When New York City Mayor Zohran Mamdani released his $127 billion preliminary budget for fiscal year 2027 earlier this month, buried inside is a figure that is likely to stop most taxpayers in the country cold. The city’s Department of Education now accounts for roughly 40% of the entire city budget, with a projected-per-pupil spending exceeding $42,000. This is the highest figure among major school districts nationwide and represents a $10,000 increase from previous years.
The number is even harder to process when you consider that enrollment has been moving in the opposite direction. K-12 enrollment had dropped to 793,000 students for the 2025-26 school year, down 2.3% from the prior year and nearly 10% since 2020. The DOE budget, meanwhile, has grown by more than $1 billion annually since 2019, now sitting at approximately $40 billion.
What makes the $42,000 number so striking is how far it sits above what other states are spending. Florida and California, two other hugely popular states for people with young families, are spending far less, and this is a hard reality for New Yorkers to swallow, as California is often thought of as the most expensive state in the country.

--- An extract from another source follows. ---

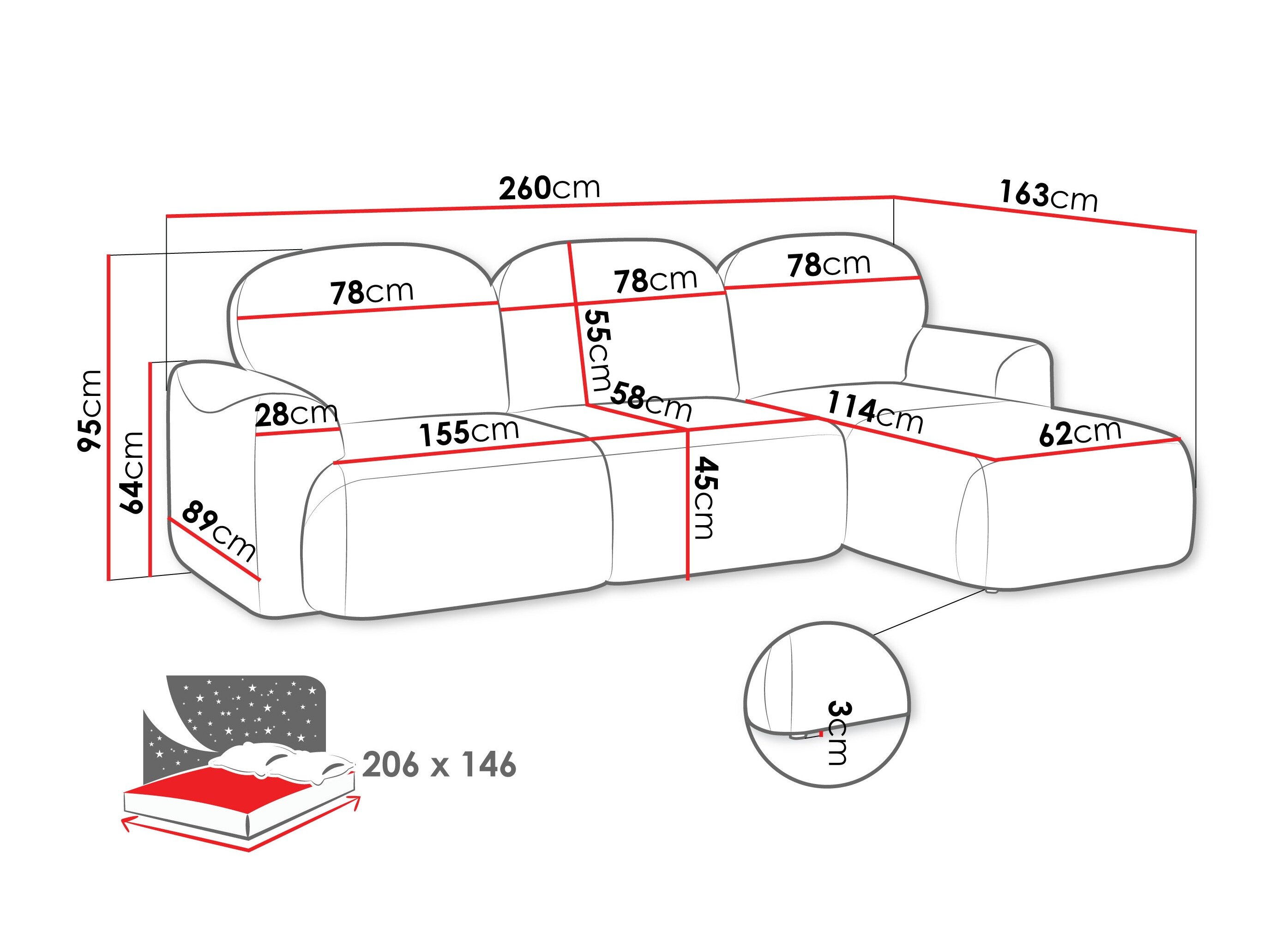 Hjørnesofa ComfiDream Fjoruna (Cremona 79)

How Florida Funds Its Schools at $9,130 Per Student
Florida’s per-pupil spending sits at $9,130 for the 2025-2026 school year, a modest 1.6% increase from the prior year. The base student allocation, the core funding amount before adjustments for grade level or disability status, rose by just $42. This does not keep pace with inflation, and adjusted for today’s dollars, the base allocation falls short of what Florida schools received all the way back in 2007-2008.

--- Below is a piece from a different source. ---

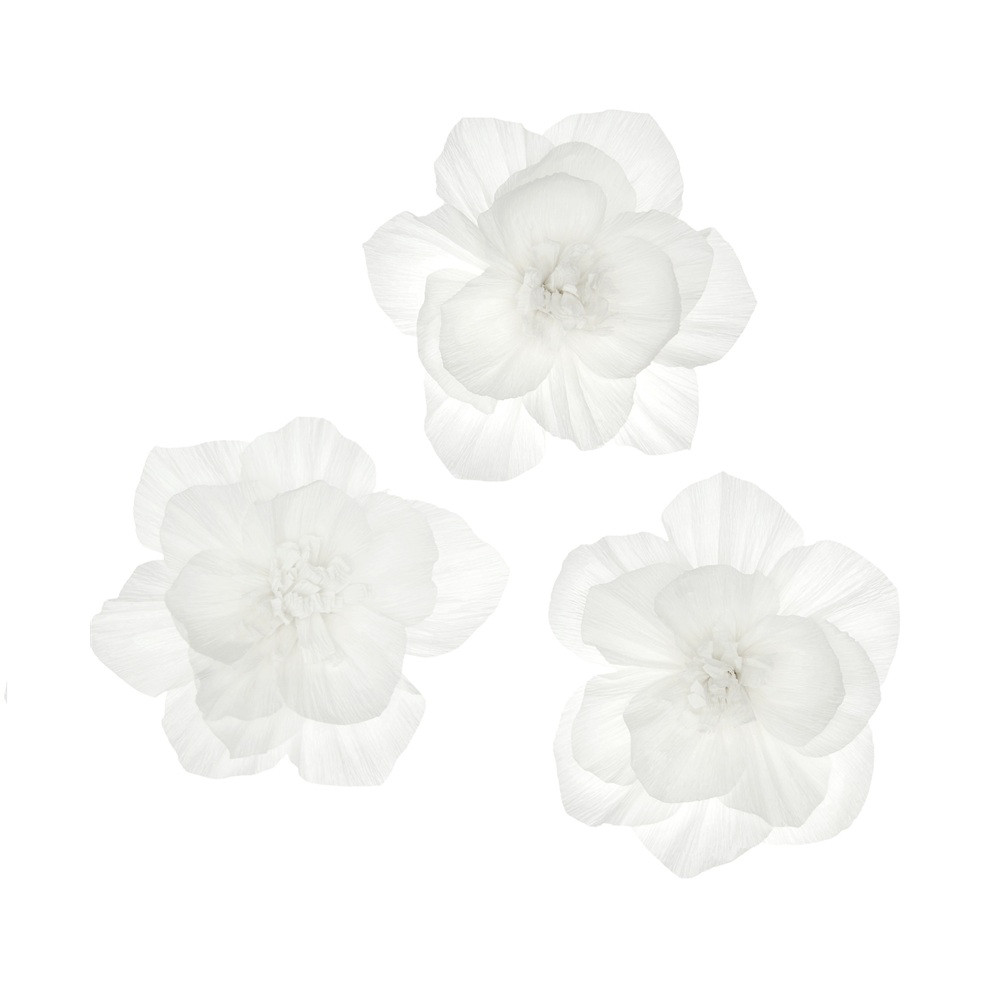 3 fleurs papier crépon "blanc" - Taille S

The state ranks 42nd nationally in per-pupil spending and 50th in average teacher pay according to the National Education Association (NEA). According to the Florida Education Finance Program, the funding for K-12 is approximately $31.5 billion, a 1.3% or $414 million reduction over the previous year.
That said, where Florida does shine a little is how it operates a lower-cost operating environment, as teacher salaries, facility costs, and the overall cost of running a school district in most Florida counties do not resemble anything close to operating in the five boroughs. Still, you cannot compare $9,130 to $42,000 and avoid the conclusion that these two systems are funded on entirely different planets.

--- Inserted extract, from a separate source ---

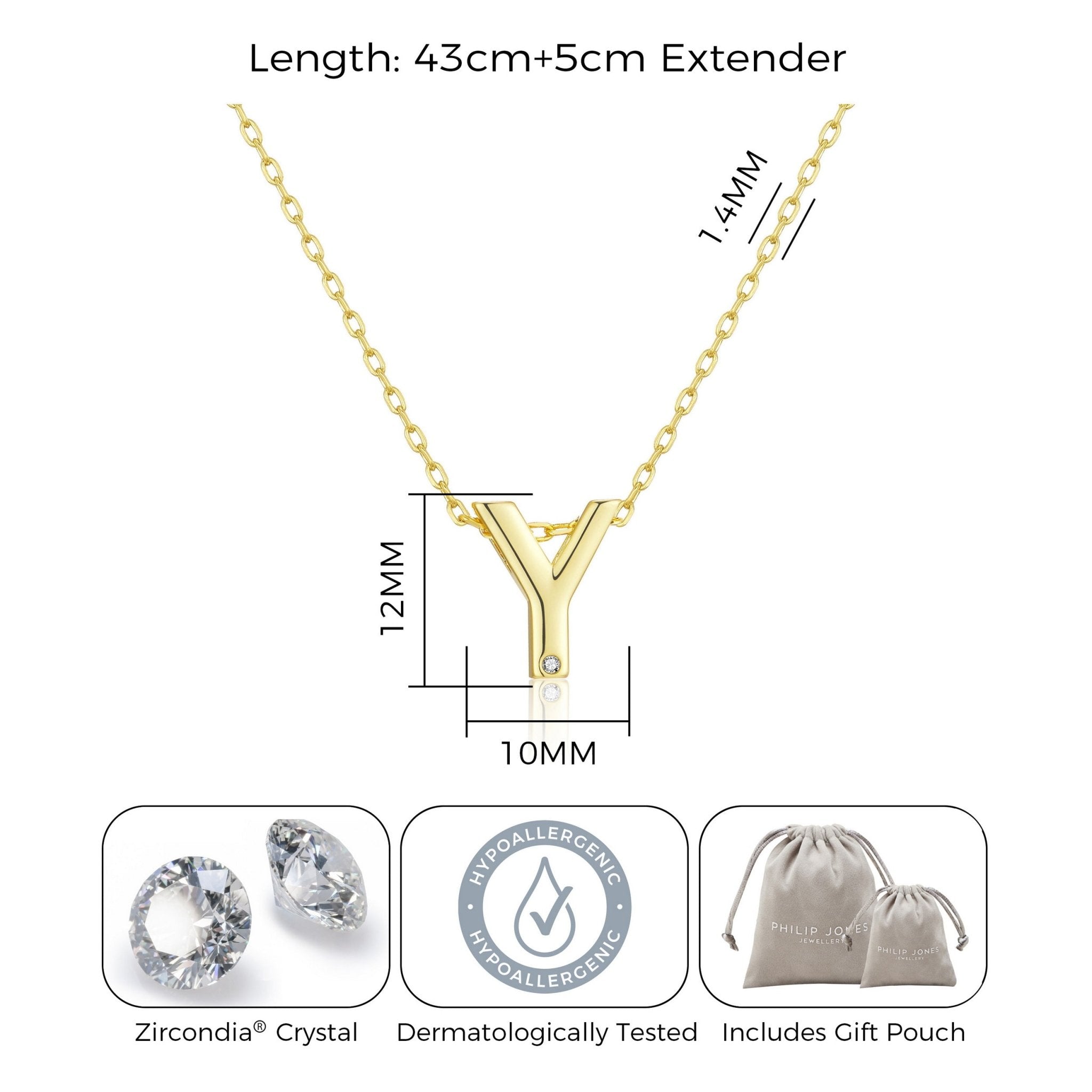Gold Plated Initial Necklace Letter Y Created with Zircondia® Crystals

Where Texas Lands in the Middle
The figures around Texas’s per-pupil funding have been a contentious debate for years, largely because the answer depends on who is doing the math. One such way to look at how much Texas spends is to look at the state allotment that had been stuck at $6,160 since 2019, but Governor Abbott signed an $8.5 billion education spending package into law in June 2025, which added just $55 per student to the base ($6,215) and another $106 in targeted operational funding.
When you add all of the sources, Texas per-pupil spending lands somewhere around the $15,000 market as an “all-in” number that is most often cited by state leaders and national reports and includes all state, local, and federal revenue. At this level, Texas ranks in the bottom 10 states nationally, and per-student funding has actually declined in real terms over the past decade. It’s been reported that as many as 60% of Texas public school districts reported operating with budget deficits in 2025.
Compared to New York City’s $42,000 spend per pupil, Texas is spending less than one-third per student, and while the cost of living accounts for some of this gap, it does not account for all of it. New York City employs more staff per student, pays significantly higher salaries, and operates under mandates like the class-size law that is alone adding $543 million in new spending next school year. The sheer scale of the difference is difficult to rationalize on the cost of living alone.
What the Spending Gap Actually Tells You
The raw per-pupil numbers, $9,130 in Florida and roughly $15,000 in Texas, $27,418 in California, just to add another consideration, and $42,000 in New York City, do not exist in a vacuum. You have to factor in cost-of-living, teacher compensation, infrastructure age, enrollment trends, and state mandates that all shape these figures. New York City’s class-size law requires hiring an estimated 6,000 additional teachers at a cost exceeding $600 million.
You also have its “hold harmless” policy that keeps school budgets flat even as enrollment falls, adding another $400 million annually. These are policy choices and not inevitabilities.
Florida and Texas are dealing with something of the opposite problem in that funding has not kept pace with inflation, teacher shortages are worsening, and both states are redirecting public education dollars toward voucher programs. Florida’s voucher expenditures have grown from $1.4 billion in 2022-23 to $5 billion in 2025-2026, and Texas just created a $1 billion voucher program that is set to launch in 2026-27.
The bottom line is that none of these systems has solved the fundamental question parents care about, which is whether their children are getting a good education. This is especially true when you consider that New York City’s test scores remain middling despite nation-leading spending. Florida’s students have shown gains on some national assessments despite low funding levels. The $42,000 figure in Mamdani’s budget is attention-grabbing to be certain, but the real story is whether any of these systems are translating their dollars into outcomes that justify what taxpayers and families are being asked to support.